Posted by Jarek Jarcec Cecho <ja...@apache.org>.

Hi Brian,
Sqoop uses library called Kite to work with parquet files. The library requires the .metadata directory and hence the dependency.

A workaround if you need to export any arbitrary parquet directory is to call command  "kite create” on the directory first - this will create the required .metadata directory and you should be good to proceed with export.

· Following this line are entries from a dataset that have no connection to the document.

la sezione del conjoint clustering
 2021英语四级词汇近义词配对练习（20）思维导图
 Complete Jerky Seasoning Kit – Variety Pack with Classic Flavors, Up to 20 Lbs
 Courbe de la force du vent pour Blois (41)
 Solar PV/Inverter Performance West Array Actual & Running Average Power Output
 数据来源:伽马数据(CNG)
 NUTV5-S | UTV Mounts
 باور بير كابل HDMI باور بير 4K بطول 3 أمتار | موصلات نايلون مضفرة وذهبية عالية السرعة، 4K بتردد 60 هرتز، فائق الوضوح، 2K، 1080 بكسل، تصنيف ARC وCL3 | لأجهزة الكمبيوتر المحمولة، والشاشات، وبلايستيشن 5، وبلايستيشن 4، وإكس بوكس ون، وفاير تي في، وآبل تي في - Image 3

We’re choosing different route in Sqoop 2, so this unfortunate need won’t be there.

Jarcec

> On Dec 9, 2015, at 9:07 PM, Brian Henriksen <Br...@humedica.com> wrote:
> 
> I am trying to use sqoop to export some parquet data to oracle from HDFS.  The first problem I ran into is that parquet export requires a .metadata directory that is created by a sqoop parquet IMPORT (Can anyone explain this to me, it seems odd to me that one can only send data to a database, that you just grabbed from a database).  I got around this by converting a small subset of my parquet data to text, sqoop export the text to oracle, and then sqoop import the data back to HDFS as parquet, and with it the .metadata directory.  Here is the error Im getting:
> 
> 
> java.lang.NullPointerException
> at java.io.StringReader.<init>(StringReader.java:50)
> at org.apache.avro.Schema$Parser.parse(Schema.java:917)
> at parquet.avro.AvroReadSupport.prepareForRead(AvroReadSupport.java:54)
> at parquet.hadoop.InternalParquetRecordReader.initialize(InternalParquetRecordReader.java:142)
> at parquet.hadoop.ParquetRecordReader.initializeInternalReader(ParquetRecordReader.java:118)
> at parquet.hadoop.ParquetRecordReader.initialize(ParquetRecordReader.java:107)
> at org.kitesdk.data.spi.AbstractKeyRecordReaderWrapper.initialize(AbstractKeyRecordReaderWrapper.java:50)
> at org.apache.hadoop.mapred.MapTask$NewTrackingRecordReader.initialize(MapTask.java:478)
> at org.apache.hadoop.mapred.MapTask.runNewMapper(MapTask.java:671)
> at org.apache.hadoop.mapred.MapTask.run(MapTask.java:330)
> at org.apache.hadoop.mapred.Child$4.run(Child.java:268)
> at java.security.AccessController.doPrivileged(Native Method)
> at javax.security.auth.Subject.doAs(Subject.java:415)
> at org.apache.hadoop.security.UserGroup
> 
> This looks like sqoop is getting to the point of starting up the mappers, but they are not aware of my parquet / avro schema.  Where does sqoop look for these schemas?  As far as I know, parquet files include the schema within the data files themselves, in addition to this there is the .metadata directory that contains a .avsc JSON file with the same schema.  Any ideas?